June 20

Closing Keynote


Closing_smRima Rudd, Sc.D., Harvard T.H.Chan School of Public Health & Michael Villaire, MSLM, Institute for Healthcare Advancement

Dr. Rima Rudd and Michael Villaire closed the conference with their final thoughts and major takeaways. Michael began his summary of the conference proceedings with noting that this was the 15th anniversary of IHA’s Health Literacy conference. This conference has always been a place to get information but also to connect and be together with our “tribe” and health literacy community.

Rima then acknowledged that there is a lot of passion in the room and it had been evident in every conversation she’d been a part of or overheard. But she also noted a loneliness of each professional in their own org/sector and how grateful we all are for the ability to catch up, reconnect, learn best practices from colleagues.

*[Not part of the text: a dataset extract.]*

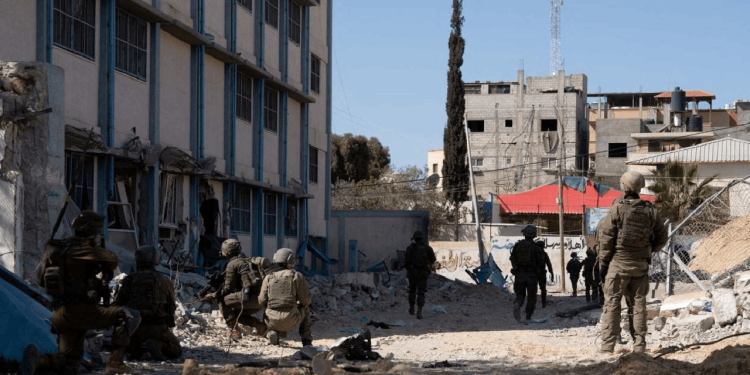 İsrail Nasır Hastanesi'ni kışlaya çevirdi: 118 hasta mahsur kaldı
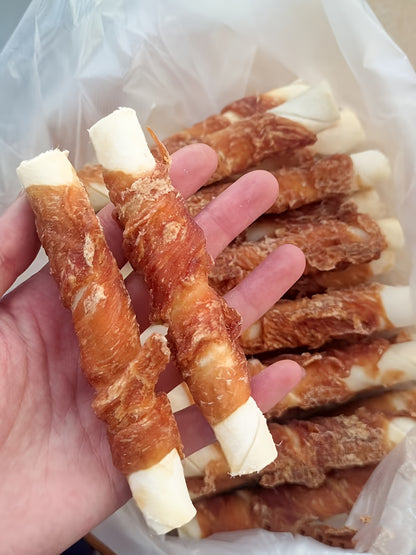 Set of Three (3*200G) 600G/21.1Oz Duck Jerky And Chicken And Cowhide Sticks, Along with Duck Jerky Dog Treats Suitable for Small, Medium, And Large Dogs. These Chewy Snacks Are Easy to Digest, Long-Lasting Dog Chews, Perfect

Rima questioned “Where to next?” and surmised that we don’t know where health literacy is going to go. She shared some thoughts from Ceci Doak:

  1. I want to see health literacy become more a part of and integral to the reading community.
  2. Keep up with what’s going on in the field of literacy.
  3. We need to develop partnerships

Imagining next steps can bring us to something exciting and new, somewhere that’s currently unimaginable.

In looking to the future, Michael quoted Peter Druker: “The best way to predict the future is to create it”. He noted that this is not the end result of our future visioning process, but it is a very important first step.

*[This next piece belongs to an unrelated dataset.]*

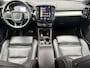 Volvo XC40 2.0 T5 AWD Intro Edition | 360 Camera | Trekhaak | 2100KG trekgewicht  | Schuif/kantel panoramadak | Keyless entry/start | Harman/kardon | Stoel/stuur verwarming | Standkachel | Volvo on Call |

Feedback from attendees recognized a need for dialogue, connection, and ability to have uncomfortable discussions and to push each other’s boundaries.  The Health Literacy Discussion Listserv can serve as a safe place to have these conversations.

Another attendee suggested that we are all futurists because this field has grow so much in recent years and did not exist 40 years ago and now we need for action plans for getting to our shared goals. Everyone at this conference and in this field works tirelessly and we are all actors trying to move this field forward.

This conference is all about getting together and working together. We are also bringing new partners and advocates onboard and educating future professionals who will be part of this shared future. Keynote panelist, Susan Reid, summed up the proceedings with a saying from the late Māori elder Sir James Henare: “Kua tawhiti ke to haerenga mai, kia kore e haere tonu. He tino nui rawa ou mahi, kia kore e mahi nui tonu. We have come too far, not to go further. We have done too much, not to do more.”